Once you find the line containing "Wild Glamping Gal", set down exactly that line and every one after it through the end of the listing below, with both ends included and any pictures omitted.

* [PROVIDED DATA]
........

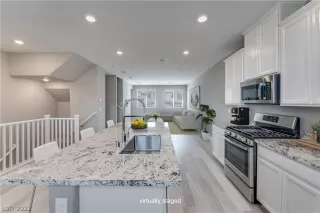 Photo #2: 2432164 Listing 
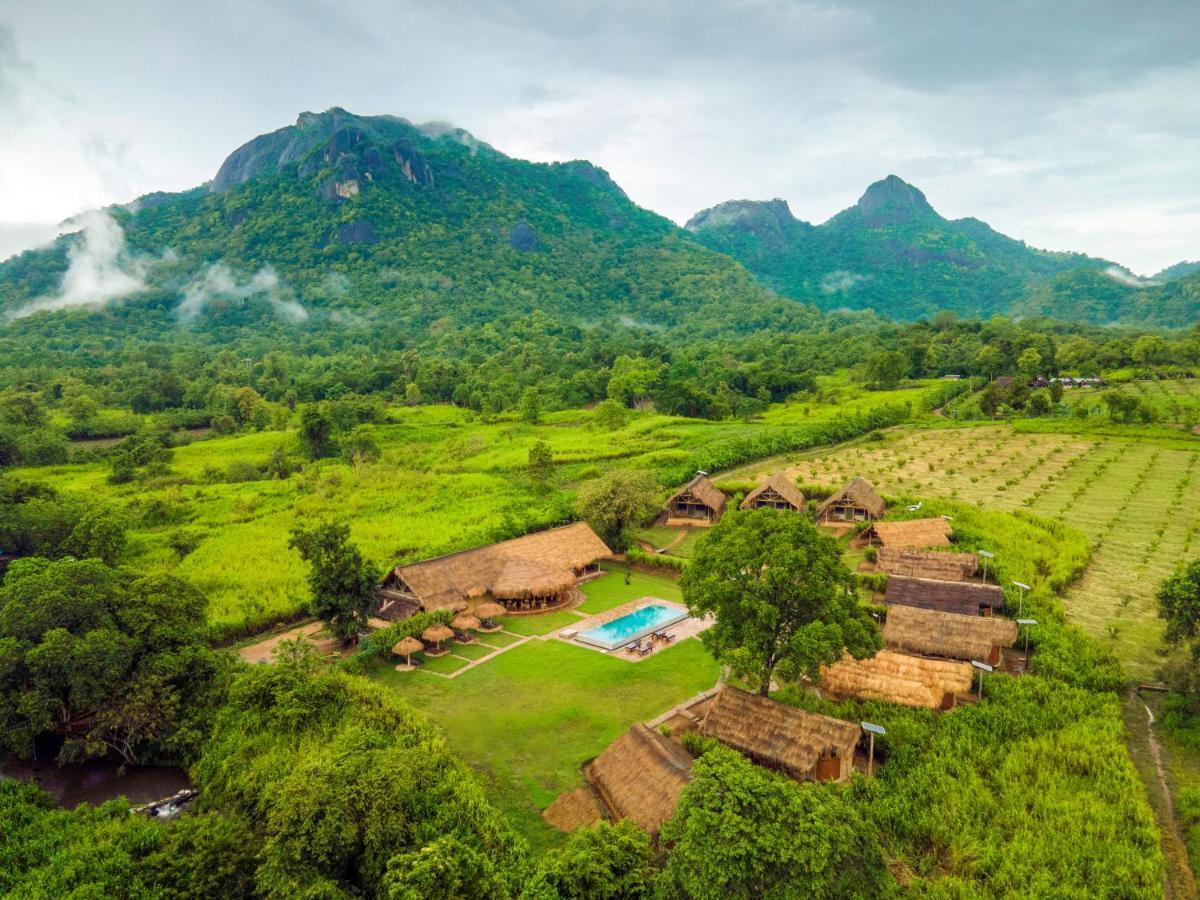 Wild Glamping Gal Oya - Thema Collection Hotel Galgamuwa  Exterior foto
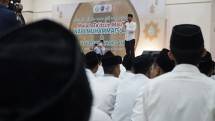 Menteri Pendidikan, Kebudayaan, Riset, dan Teknologi (Mendikbudristek) diterima langsung oleh Dewan Pengasuh Pesantren Lirboyo, yaitu KH. Anwar Manshur, KH. Abdullah Kafabihi Mahrus, KH. Zamzami Mahrus, dan KH. An'im Falahudin Mahrus.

........

* [EXPECTED OUTPUT]
 Wild Glamping Gal Oya - Thema Collection Hotel Galgamuwa  Exterior foto
 Menteri Pendidikan, Kebudayaan, Riset, dan Teknologi (Mendikbudristek) diterima langsung oleh Dewan Pengasuh Pesantren Lirboyo, yaitu KH. Anwar Manshur, KH. Abdullah Kafabihi Mahrus, KH. Zamzami Mahrus, dan KH. An'im Falahudin Mahrus.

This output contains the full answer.